I pescatori arriveranno a Mazara del Vallo domattina, tra le 8 e le 10.

“Voglio tornare a lavorare, non a fare la guerra”. L’ha detto stamane il comandante del peschereccio Medinea, Pietro Marrone, in un collegamento via radio trasmesso da Rainews 24. Il peschereccio e l’altra imbarcazione si trovano attualmente a circa 250 miglia da Mazara del Vallo.
“I nostri carcierieri – ha aggiunto Marrone – non volevano che li guardassimo negli occhi, altrimenti ci avrebbero infilato la testa nel bidet”. Il comandante ha anche detto che i marinai spesso cucinavano per i carcerieri e dovevano loro servire il cibo, sempre con il divieto di guardarli in faccia. Infine, Marrone ha detto di aver condiviso due celle, insieme ai suoi compagni, con altri detenuti stranieri.

“Non lasciatevi condizionare dai loro racconti: hanno bisogno di parlare, non fate loro domande ma accogliete il loro dolore e trasfiguratelo col vostro affetto”. E’ l’invito che il vescovo di Mazara del Vallo, Domenico Mogavero, ha rivolto ai parenti dei 18 marinai liberati.
L’occasione è stata la consegna ai parenti dei pescatori di un assegno di mille euro, per ognuna delle diciotto famiglie, da parte di due imprenditori del luogo, Antonio e Vincenzo Cancascì, titolari della Levantoil, azienda che commercia carburante. La cerimonia si è svolta nell’aula consiliare del municipio di Mazara del Vallo.
“Ora bisogna fare festa – ha continuato il vescovo – Non si resiste al dolore ma neanche alla gioia. Non so se le misure anticovid consentiranno di festeggiare come si deve, ma ciò che è rimandato non è annullato. Intanto la festa prosegue mentre seguiamo i nostri uomini lungo il tragitto da Bengasi a casa. Questo non è il momento di piangere, se non lacrime di balsamo”.

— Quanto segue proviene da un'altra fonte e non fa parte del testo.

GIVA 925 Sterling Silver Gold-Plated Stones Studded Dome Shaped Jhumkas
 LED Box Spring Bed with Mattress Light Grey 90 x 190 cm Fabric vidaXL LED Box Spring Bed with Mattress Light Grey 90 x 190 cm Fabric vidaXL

“Il giorno dopo il sequestro dei pescherecci ho ricevuto una foto di mio marito e ho visto che aveva l’occhio destro semichiuso e la guancia arrossata, segno che aveva subito violenze”. Lo dice Marika Calandrino, moglie di Giacomo Giacalone, marinaio trentatreenne del peschereccio Anna Madre sfuggito al sequestro.
La donna ha sentito il marito il 13 novembre e ieri, ma della questione non hanno mai parlato: “Tra di noi – spiega Marika – esiste un codice di comunicazione tutto nostro. Quando gli ho chiesto come stava, mi ha risposto dicendo che è ‘come quando ti schiaccio l’occhio, e cioè non posso parlare’. Questo, nel nostro linguaggio significa ‘ora sto bene ma prima no'”.

Marika Calandrino conserva la foto con il volto del marito, “ma non posso mostrarla”, dice. “Non vedo l’ora di riabbracciarlo, sono quattro mesi che non lo vedo. La nostra bambina, Gaia, che ha un anno e 5 mesi, quando lui è partito, il 20 agosto, si muoveva con il girello. Adesso parla, corre e bacia la foto del suo papà”.

Intanto Maurizio Gasparri di Fi dichiara: “Non bastano le veline dei servizi, voglio una risposta pubblica ufficiale delle massime autorità di governo. Che impegni sono stati presi con Haftar per ottenere la giusta e tardiva liberazione dei pescatori di Mazara? Non si possono mettere sullo stesso piano dei lavoratori ingiustamente sequestrati e dei trafficanti di clandestini arrestati e condannati in Italia”.

Conclude Gasparri: “Ci sono accordi segreti? Ci sono intese a scoppio ritardato? Ci sono rese, che non ci sorprenderebbero visto che questo governo tutto fa, tranne difendere gli interessi italiani ed è inginocchiato davanti a tutti, ricevendo schiaffi da tanti?”.